● What you should do: Your answer must be the lines from the one containing "MRI della vista" through the last line of the records below, copied exactly, with the pictures left out.

● Material supplied:
____________________

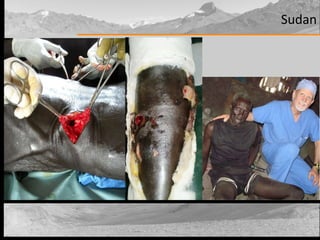 Sudan 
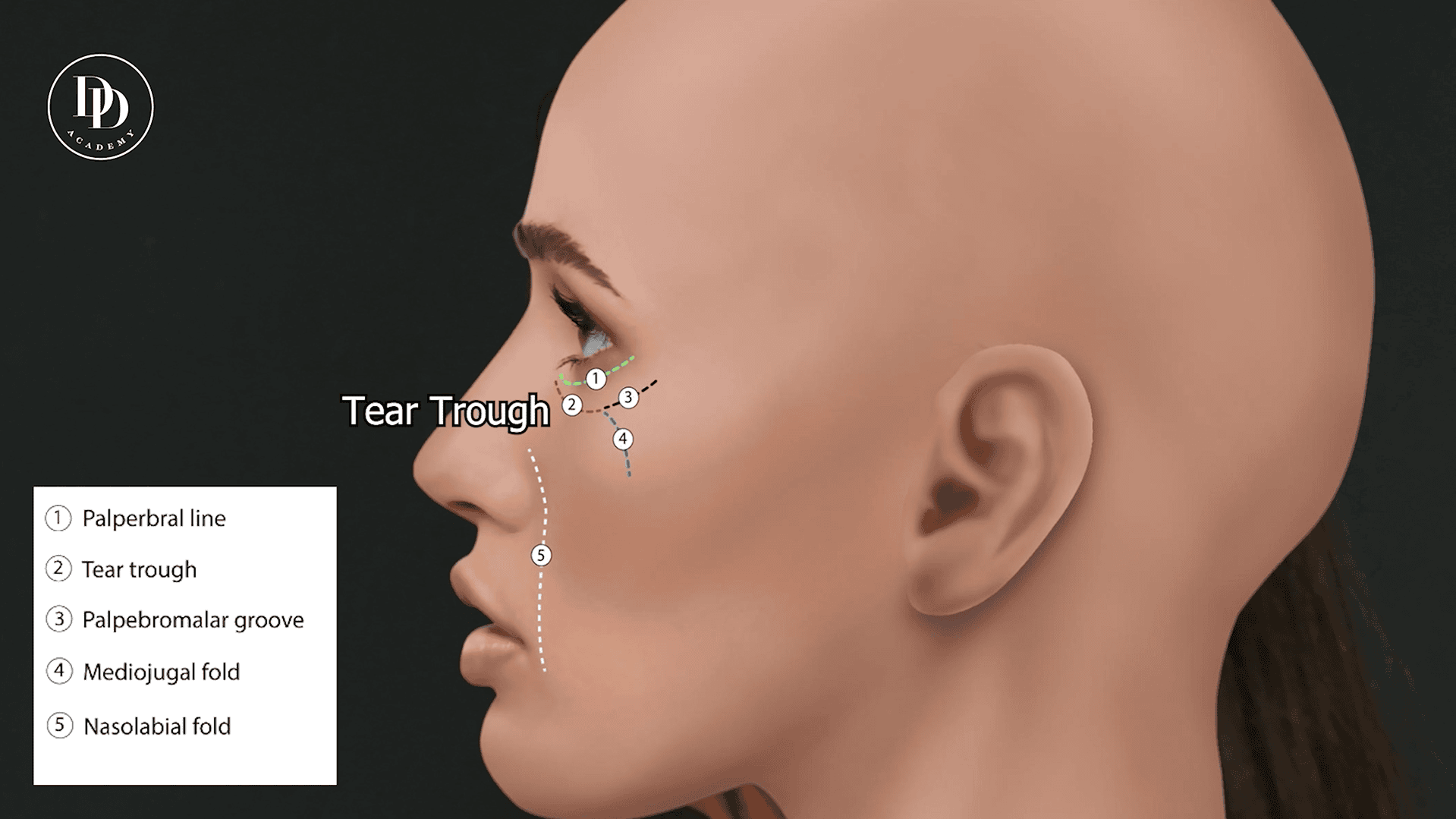 Tear trough anatomy showing ligament structures and infraorbital injection zones for dermal filler placement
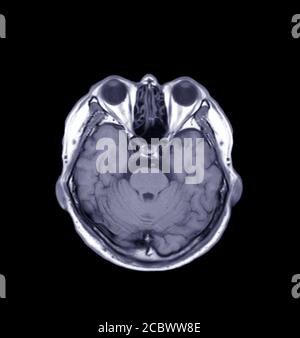 MRI della vista T1 assiale cerebrale per rilevare una varietà di condizioni del cervello come cisti, tumori, sanguinamento isolato su sfondo nero, bleedina Foto Stock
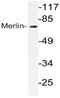 Neurofibromin 2 antibody, AP20757PU-N, Origene, Western Blot image 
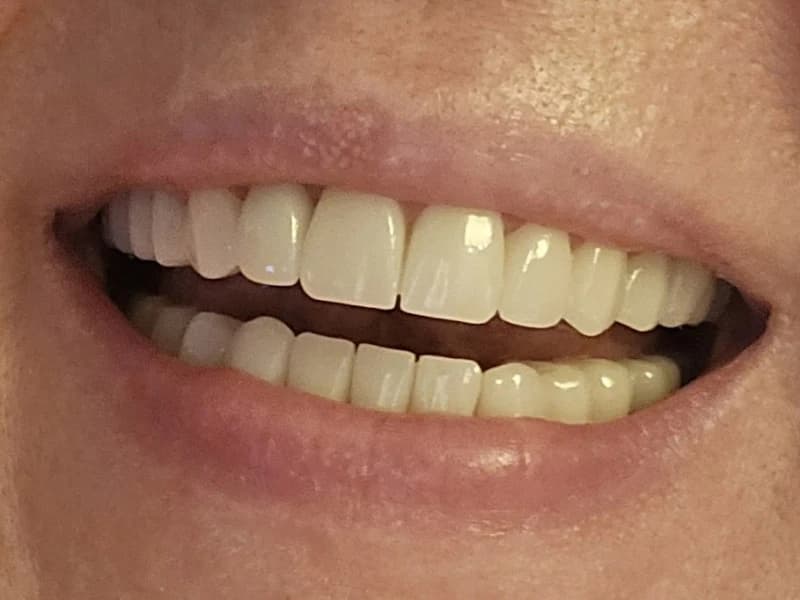 DentaPoint International - Alsancak Şubesi Zirkonyum , Diş İmplantı , Aesthetic Diş Tedavileri , Çocuk Diş - Facility Photo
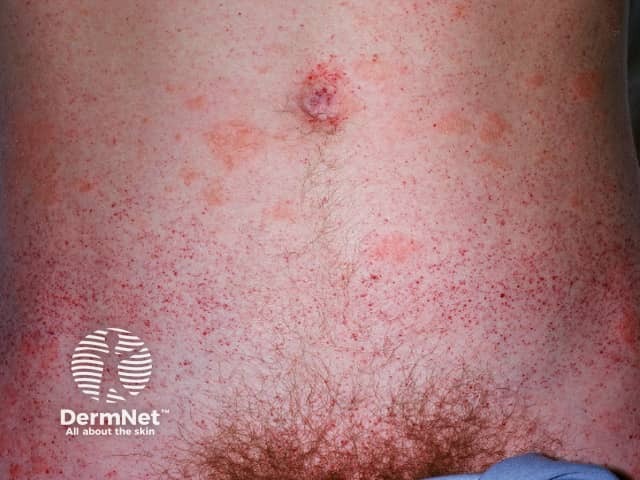 Ангиокератомы при болезни Фабри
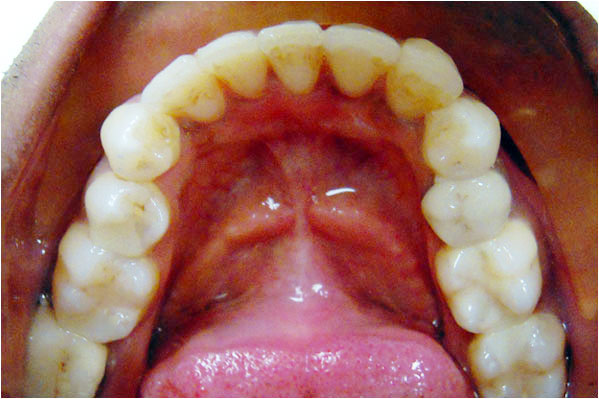 Orthodontics After 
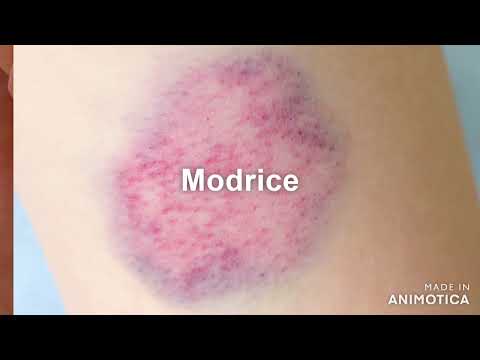 Video: Ali je poliuretan škodljiv za kožo?
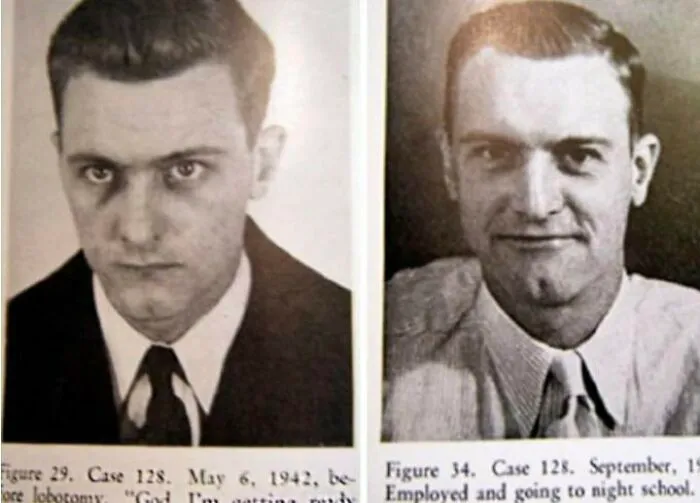 Imagen de un hombre con esquizofrenia antes y después de su lobotomía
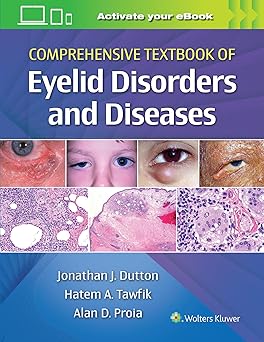 Comprehensive Textbook of Eyelid Disorders and Diseases -EPUB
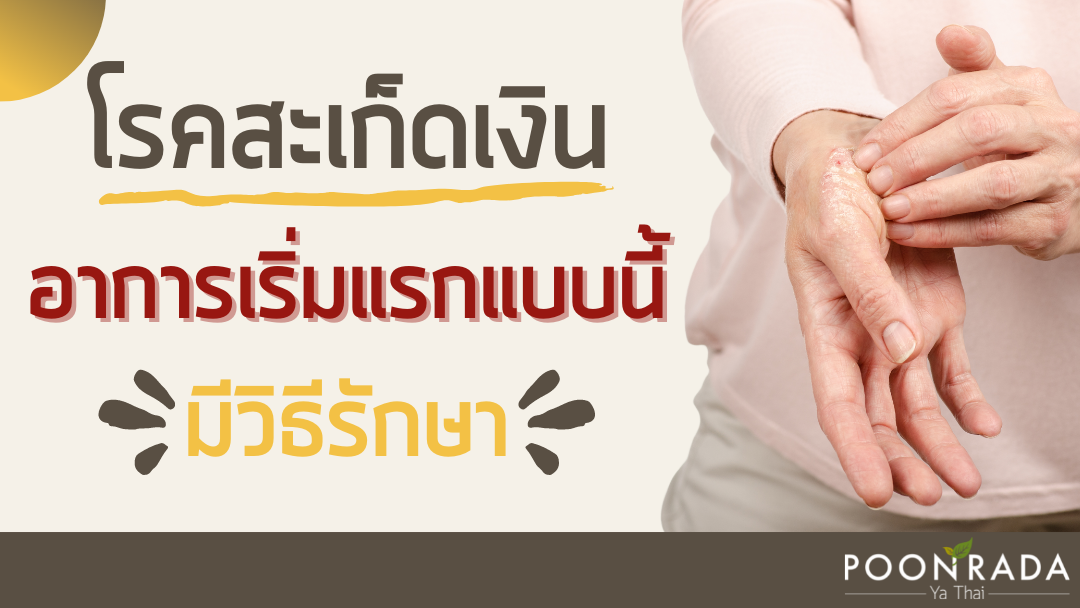 โรคสะเก็ดเงินอาการเริ่มแรกแบบนี้ มีวิธีรักษา!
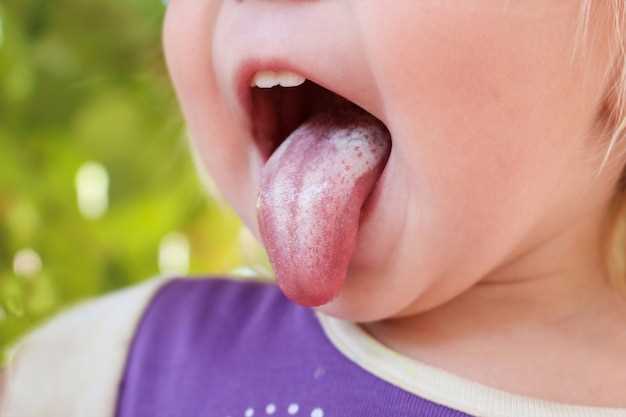 Белый налет на корне языка: почему возникает и что это?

____________________

● Answer box:
 MRI della vista T1 assiale cerebrale per rilevare una varietà di condizioni del cervello come cisti, tumori, sanguinamento isolato su sfondo nero, bleedina Foto Stock
 Neurofibromin 2 antibody, AP20757PU-N, Origene, Western Blot image 
 DentaPoint International - Alsancak Şubesi Zirkonyum , Diş İmplantı , Aesthetic Diş Tedavileri , Çocuk Diş - Facility Photo
 Ангиокератомы при болезни Фабри
 Orthodontics After 
 Video: Ali je poliuretan škodljiv za kožo?
 Imagen de un hombre con esquizofrenia antes y después de su lobotomía
 Comprehensive Textbook of Eyelid Disorders and Diseases -EPUB
 โรคสะเก็ดเงินอาการเริ่มแรกแบบนี้ มีวิธีรักษา!
 Белый налет на корне языка: почему возникает и что это?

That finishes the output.